- WHAT YOU NEED TO DO -
The following entries are to be retyped in full, exactly as written.

[Records excerpted from a collection]
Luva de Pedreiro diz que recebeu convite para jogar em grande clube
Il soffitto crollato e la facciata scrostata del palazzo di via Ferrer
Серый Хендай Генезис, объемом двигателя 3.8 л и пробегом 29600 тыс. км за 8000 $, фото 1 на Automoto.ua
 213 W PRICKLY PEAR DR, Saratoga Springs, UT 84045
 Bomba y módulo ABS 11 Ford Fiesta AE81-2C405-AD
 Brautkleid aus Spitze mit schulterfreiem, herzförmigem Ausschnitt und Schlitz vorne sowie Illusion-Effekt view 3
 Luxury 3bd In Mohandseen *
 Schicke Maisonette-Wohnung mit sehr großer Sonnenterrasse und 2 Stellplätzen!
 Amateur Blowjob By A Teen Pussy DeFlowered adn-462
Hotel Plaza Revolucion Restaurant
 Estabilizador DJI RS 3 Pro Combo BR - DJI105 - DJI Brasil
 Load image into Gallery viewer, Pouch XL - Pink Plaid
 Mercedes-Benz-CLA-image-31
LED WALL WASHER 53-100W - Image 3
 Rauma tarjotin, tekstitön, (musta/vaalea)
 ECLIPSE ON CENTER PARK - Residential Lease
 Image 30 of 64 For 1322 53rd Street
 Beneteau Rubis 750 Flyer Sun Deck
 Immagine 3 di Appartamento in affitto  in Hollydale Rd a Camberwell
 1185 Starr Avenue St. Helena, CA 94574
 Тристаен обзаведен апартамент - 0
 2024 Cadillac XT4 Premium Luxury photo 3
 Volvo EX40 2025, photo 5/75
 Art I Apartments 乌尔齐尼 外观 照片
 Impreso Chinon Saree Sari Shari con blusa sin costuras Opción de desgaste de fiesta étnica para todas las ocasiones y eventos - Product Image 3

- SOLUTION -
Luva de Pedreiro diz que recebeu convite para jogar em grande clube
Il soffitto crollato e la facciata scrostata del palazzo di via Ferrer
Серый Хендай Генезис, объемом двигателя 3.8 л и пробегом 29600 тыс. км за 8000 $, фото 1 на Automoto.ua
 213 W PRICKLY PEAR DR, Saratoga Springs, UT 84045
 Bomba y módulo ABS 11 Ford Fiesta AE81-2C405-AD
 Brautkleid aus Spitze mit schulterfreiem, herzförmigem Ausschnitt und Schlitz vorne sowie Illusion-Effekt view 3
 Luxury 3bd In Mohandseen *
 Schicke Maisonette-Wohnung mit sehr großer Sonnenterrasse und 2 Stellplätzen!
 Amateur Blowjob By A Teen Pussy DeFlowered adn-462
Hotel Plaza Revolucion Restaurant
 Estabilizador DJI RS 3 Pro Combo BR - DJI105 - DJI Brasil
 Load image into Gallery viewer, Pouch XL - Pink Plaid
 Mercedes-Benz-CLA-image-31
LED WALL WASHER 53-100W - Image 3
 Rauma tarjotin, tekstitön, (musta/vaalea)
 ECLIPSE ON CENTER PARK - Residential Lease
 Image 30 of 64 For 1322 53rd Street
 Beneteau Rubis 750 Flyer Sun Deck
 Immagine 3 di Appartamento in affitto  in Hollydale Rd a Camberwell
 1185 Starr Avenue St. Helena, CA 94574
 Тристаен обзаведен апартамент - 0
 2024 Cadillac XT4 Premium Luxury photo 3
 Volvo EX40 2025, photo 5/75
 Art I Apartments 乌尔齐尼 外观 照片
 Impreso Chinon Saree Sari Shari con blusa sin costuras Opción de desgaste de fiesta étnica para todas las ocasiones y eventos - Product Image 3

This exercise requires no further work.